The final evacuation took place on 7 February and lasted for four days. Each prisoner received a loaf of bread and one tin of food, a ration that forced a bitter decision. Should the whole portion be eaten then and there or divided up. As experienced inmates who knew that each day might be their last, they hurriedly ate all the precious food for the little energy it might offer their weakened bodies. The evacuation of veteran prisoners in Gross-Rosen camp began on 9 February. As it was under way, some of these prisoners made tragic attempts to arrange hideouts. When they were discovered, they were not placed in the convoy but were summarily shot. The prisoners marched through the camp gate to the strains of a band that actually stood there and played. The first to be evacuated were women who had been brought over from Auschwitz-Birkenau. They wee followed by men who had been interned on the grounds of the new "Auschwitz". The last to leave were veteran prisoners of the camp.
The Transport destined for Flossenburg, Mauthausen, and Mittelbau spent more than a week on the road. Even a shorter march, however, was a horrific ordeal. Prisoners in a transport to Dachau left on 28 January and spent two days in open railway cars in ghastly congestion.
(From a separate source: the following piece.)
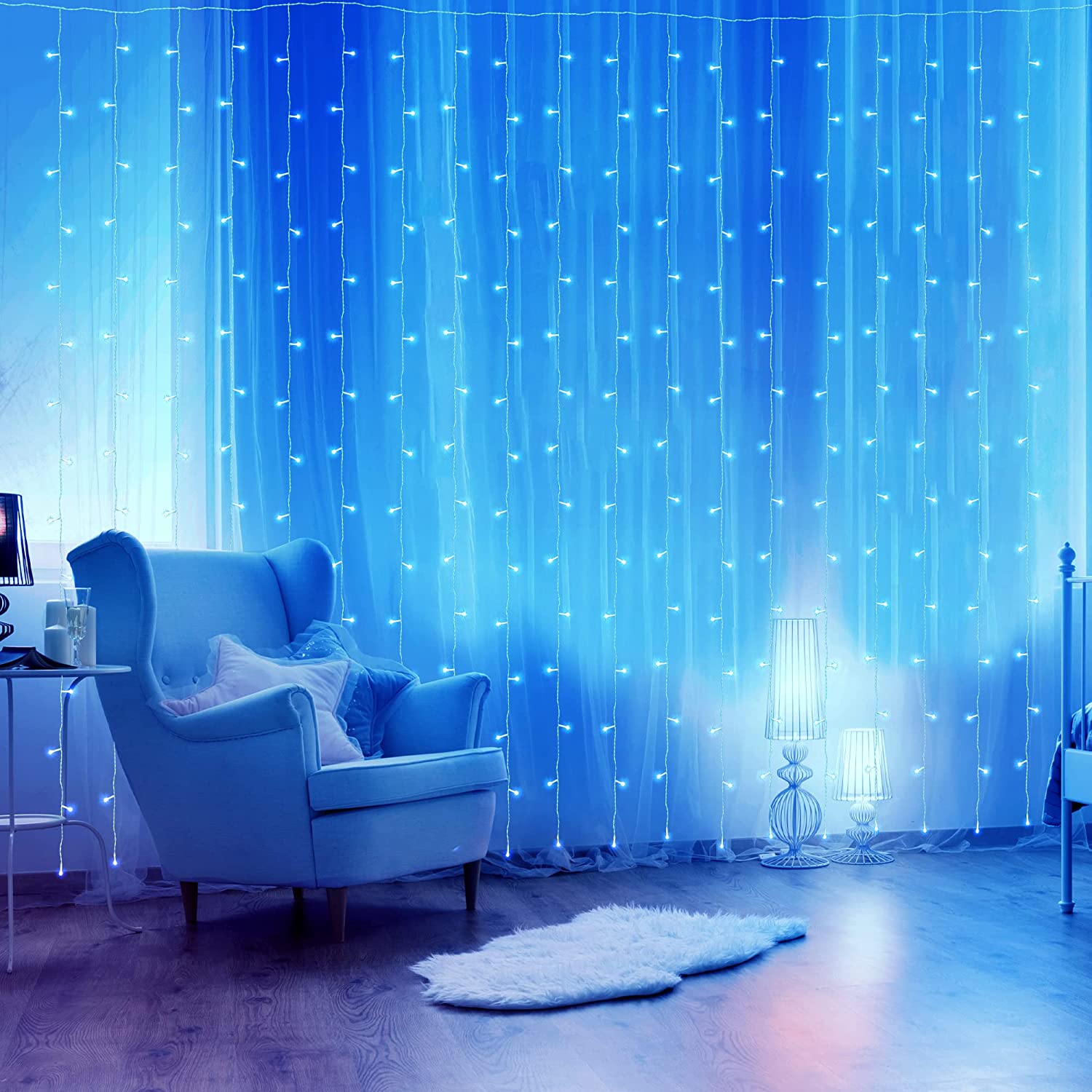 NETTA Curtain Fairy Lights - 3M x 3M, Waterproof LED with Timer, 8 Modes - Cool White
Without food and water, they could not endure the physical and physiological strain. "they bit the noses and ears of the weak prisoners and even sucked their blood. I witnessed it. Of the 1,800 prisoners, only 800-900 arrived, most of them skeletons". [Czernik, "Filie Obozu Konzentracyjnego", 224, sic]
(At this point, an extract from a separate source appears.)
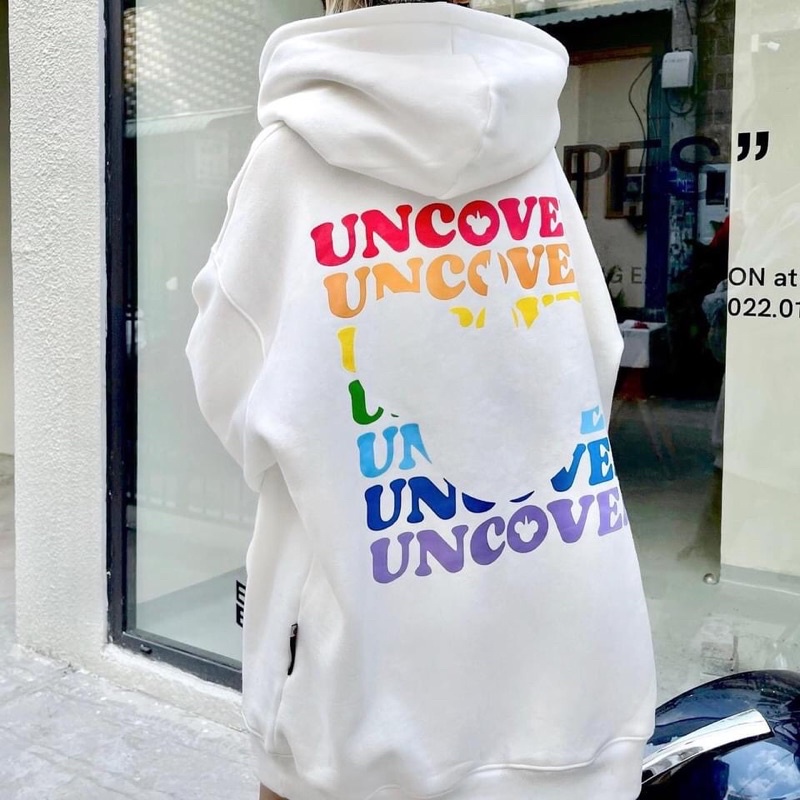 áo hoodie basic v2 uncover in 2 mặt màu trắng nỉ mũ nam nữ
The largest number of evacuees from the main camp 9,571, was sent in seven transports to Dora-Mittelbau and its satellite camps. Three transports reached Flossenburg with 9,465 persons om board. Buchenwald took two transports totalling 3,290 prisoners. A third transport pulled up to the gates of Buchenwald but was turned away, all 2,783 prisoners were taken to Mauthausen. Transports of women prisoners from Weisswasser set out for Bergen-Belsen, and a small group was sent to Ravensbrück. All together, twenty-four of the Gross-Rosen Labour Camps were deactivated at this phase.
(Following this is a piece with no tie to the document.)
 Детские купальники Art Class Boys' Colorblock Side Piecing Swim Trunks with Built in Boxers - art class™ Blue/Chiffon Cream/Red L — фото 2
A Transport that was readied for evacuation on 10 February may be indicative of the evacuation transports in general. The prisoners spent eight hours standing motionlessly on the snow-covered roll-call grounds. The weak and exhausted among them died then and there. Later, the surviving prisoners were led to the rail-road station, only to find that the track had been damaged and the cars that were to transport them had not arrived. Thus they were led uphill back to the camp. At 9.00 pm, as the booming of nearby artillery reverberated around the camp, headquarters decided to attempt again to set the transport into motion . The cars had arrived by then, and about 150 persons were crammed into each. The train made slow progress, stopped frequently, veered onto sidings, and finally reached Leitmeritz, a satellite camp of Flossenburg, Where the inmates spent some time digging in tunnels.
Since the SS-team also left the the camps when the transport set out, the remaining population was made up solely of sick prisoners and a special detail of German prisoners who obfuscated evidence. The prevailing estimate is that some 30,000 prisoners were evacuated from the main campp, including many who had never actually been prisoners there. Only 25,000 of the evcuees reached camps in the Reich.
The first Soviet soldiers to enter Gross-Rosen were members of Ivan Ivanov's motorized Infantry Brigade, part of the third Army. The date was 13 February. They found chard prisoner cards, armbands, and mounds of clothing. Thus, Gross-Rosen becamr the filth concentration camp that the Reich had lost.
The balance sheet of the evacuation is the following according to Konieczny - and these figures give again an idea of ​​the magnitude of what has happened: Bergen-Belsen took over five transports with about 4,000 prisoners, to Buchenwald went 19 transports with 9,559, to Dachau in four transports with 2,514, to Flossenburg in 17 transports 11,583, to Mauthausen in five transports 4,839, to Mittelbau-Dora in eight transports 11,369, a woman transport went to Neuengamme  and  Ravensbruck with 45 and 60 prisoners. In total, there are at least 44,000 prisoners, those that had perished and the escapees can not be accounted for. There is no reliable information about  36,000 prisoners in satellite camps that had been liberated by Soviet troops.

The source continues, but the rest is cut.